Le module d’étude de texte que nous avons retenu cette année est La science des rêves
dans la perspective du XIIème Congrès de l’Association mondiale de psychanalyse qui se
tiendra à Buenos Aires en avril 2020 sous le titre : Le rêve. Son interprétation et son
usage dans la cure lacanienne, congrès dont vous pouvez déjà lire les travaux
préparatoires et des textes d’orientation sur le site de l’ECF. En 2020, nous serons 120
ans après le début de la psychanalyse et la publication par Freud de L’interprétation des
rêves. « Nous vivons une époque que certains qualifient d’époque de la transparence, il y
règne une perte de sens, tout est exposé et montré explicitement, effaçant la distinction
entre privé et public. Cependant les rêves maintiennent un lien avec le plus intime
(…). Les rêves ne sont pas transparents ! (…) Pour rêver nous fermons toujours les
yeux ! » (extrait du texte de présentation du Congrès de l’AMP par Silvia Baudini et
Fabian Naparstek)
Par ailleurs, un module d’Introduction à la psychanalyse va nous permettre de relire
les grands textes freudiens. Cette année, c’est le symptôme qui est au cœur de
l’enseignement car il est au cœur de l’expérience analytique. Il est ce dont les sujets
font leur plainte et il n’en est pas moins leur solution. Le symptôme, du point de vue de
la psychanalyse d’orientation lacanienne, est un mode de fonctionnement et non pas
un dysfonctionnement, un trouble mental à « normaliser ». Là où la santé mentale se met
au service de l’ordre public (J-A Miller dans l’article « Santé mentale et ordre public »
Mental, n°3, Janvier 1997), la psychanalyse tente d’aménager une place pour la
« dinguerie » de chacun.
Enfin, et ce n’est pas le moindre, les conférences du soir qui ont pour titre : Devenir une
femme, un homme aujourd’hui, marqueront un ancrage dans l’époque et
constitueront un vecteur vers la journée Uforca national qui se tiendra à Paris le 13 juin
2020 car « L’être sexué ne s’autorise que de lui-même (…) et de quelques autres. (Lacan
in Les complexes familiaux dans la formation de l’individu, Autres écrits p56).

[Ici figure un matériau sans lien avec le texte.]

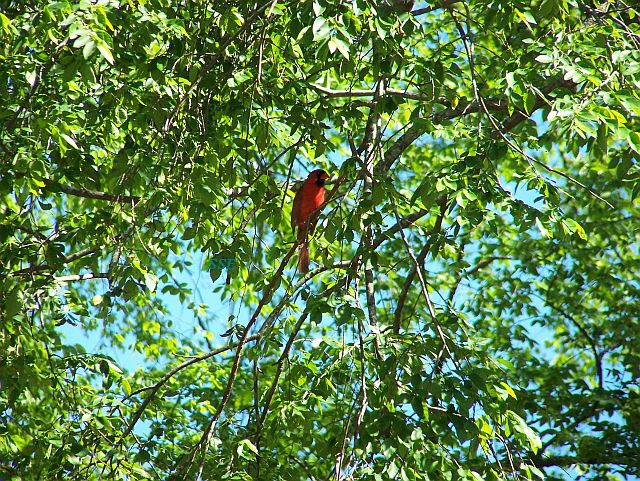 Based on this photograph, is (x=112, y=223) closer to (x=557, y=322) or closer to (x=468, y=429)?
(x=468, y=429)

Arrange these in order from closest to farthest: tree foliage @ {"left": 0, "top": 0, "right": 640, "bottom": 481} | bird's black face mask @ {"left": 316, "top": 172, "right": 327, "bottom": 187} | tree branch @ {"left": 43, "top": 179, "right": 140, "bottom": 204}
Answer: tree foliage @ {"left": 0, "top": 0, "right": 640, "bottom": 481}, tree branch @ {"left": 43, "top": 179, "right": 140, "bottom": 204}, bird's black face mask @ {"left": 316, "top": 172, "right": 327, "bottom": 187}

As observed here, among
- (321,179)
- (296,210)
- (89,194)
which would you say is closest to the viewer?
(89,194)

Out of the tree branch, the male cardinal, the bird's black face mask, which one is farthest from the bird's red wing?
the tree branch

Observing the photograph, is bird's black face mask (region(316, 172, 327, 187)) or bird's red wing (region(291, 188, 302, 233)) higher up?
bird's black face mask (region(316, 172, 327, 187))

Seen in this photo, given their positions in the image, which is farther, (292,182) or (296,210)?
(296,210)

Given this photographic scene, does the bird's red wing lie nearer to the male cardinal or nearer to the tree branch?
the male cardinal

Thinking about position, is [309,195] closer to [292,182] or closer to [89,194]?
[292,182]

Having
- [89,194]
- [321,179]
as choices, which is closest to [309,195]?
[321,179]

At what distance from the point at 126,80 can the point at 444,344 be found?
→ 199cm

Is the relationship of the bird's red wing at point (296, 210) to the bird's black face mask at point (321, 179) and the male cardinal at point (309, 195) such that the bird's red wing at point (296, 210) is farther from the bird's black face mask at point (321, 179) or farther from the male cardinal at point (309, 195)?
the bird's black face mask at point (321, 179)

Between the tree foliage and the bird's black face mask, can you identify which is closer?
the tree foliage

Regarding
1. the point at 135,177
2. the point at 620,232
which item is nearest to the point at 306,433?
the point at 135,177

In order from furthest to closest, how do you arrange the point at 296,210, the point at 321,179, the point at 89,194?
the point at 296,210, the point at 321,179, the point at 89,194

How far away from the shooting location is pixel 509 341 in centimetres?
719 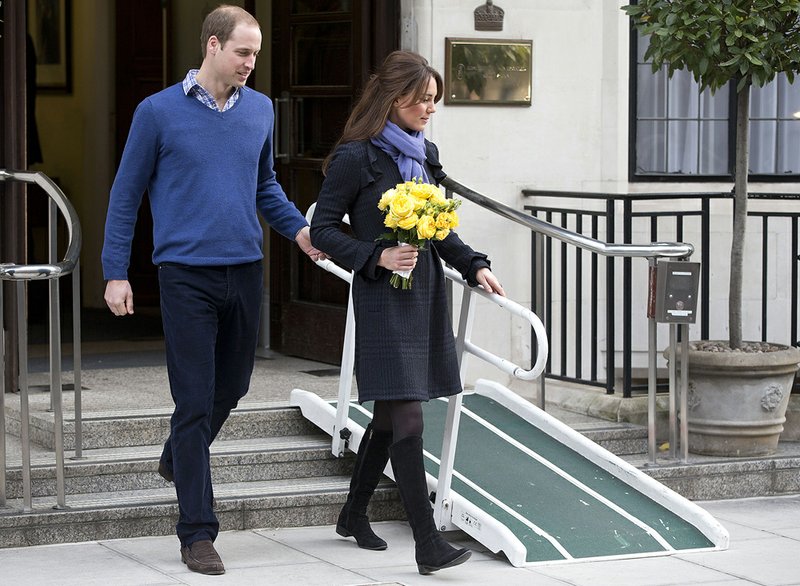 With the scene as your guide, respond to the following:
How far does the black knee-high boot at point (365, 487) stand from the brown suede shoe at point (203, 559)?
1.96 ft

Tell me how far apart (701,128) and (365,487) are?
12.6 feet

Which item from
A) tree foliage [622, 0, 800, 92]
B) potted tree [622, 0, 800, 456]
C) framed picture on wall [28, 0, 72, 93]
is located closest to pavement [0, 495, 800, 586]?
potted tree [622, 0, 800, 456]

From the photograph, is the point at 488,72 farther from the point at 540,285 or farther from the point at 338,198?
the point at 338,198

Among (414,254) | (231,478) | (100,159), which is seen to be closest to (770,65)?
(414,254)

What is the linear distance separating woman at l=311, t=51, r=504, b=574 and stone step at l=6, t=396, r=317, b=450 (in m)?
1.30

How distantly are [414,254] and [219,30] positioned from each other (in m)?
0.96

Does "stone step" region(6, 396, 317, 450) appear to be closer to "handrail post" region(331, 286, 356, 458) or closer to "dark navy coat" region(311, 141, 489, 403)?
"handrail post" region(331, 286, 356, 458)

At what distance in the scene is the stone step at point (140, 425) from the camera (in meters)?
6.00

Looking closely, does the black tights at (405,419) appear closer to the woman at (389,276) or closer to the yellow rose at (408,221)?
the woman at (389,276)

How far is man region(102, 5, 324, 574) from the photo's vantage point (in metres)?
4.87

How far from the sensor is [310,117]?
8.03 meters

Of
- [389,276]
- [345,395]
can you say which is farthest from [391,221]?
[345,395]

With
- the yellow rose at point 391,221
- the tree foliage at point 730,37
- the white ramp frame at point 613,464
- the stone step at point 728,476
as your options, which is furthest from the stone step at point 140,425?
the tree foliage at point 730,37

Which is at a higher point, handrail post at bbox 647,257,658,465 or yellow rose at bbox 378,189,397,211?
yellow rose at bbox 378,189,397,211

Il s’agira,
tout au long de cette année, de tirer les conséquences de cette formulation de Lacan et
de la souplesse offerte par son dernier enseignement pour questionner les formes les
plus actuelles de la clinique qui est la nôtre en institution et dans nos cabinets, et se tenir
à la hauteur de ce réel qui nous regarde. Avec ces conférences, nous mettons l’accent
sur la connexion de la clinique analytique avec les symptômes et les signifiants de
l’époque, car c’est ainsi que le discours psychanalytique est vivant, en se branchant sur
l’époque.
En ce sens, le Discours analytique est politique.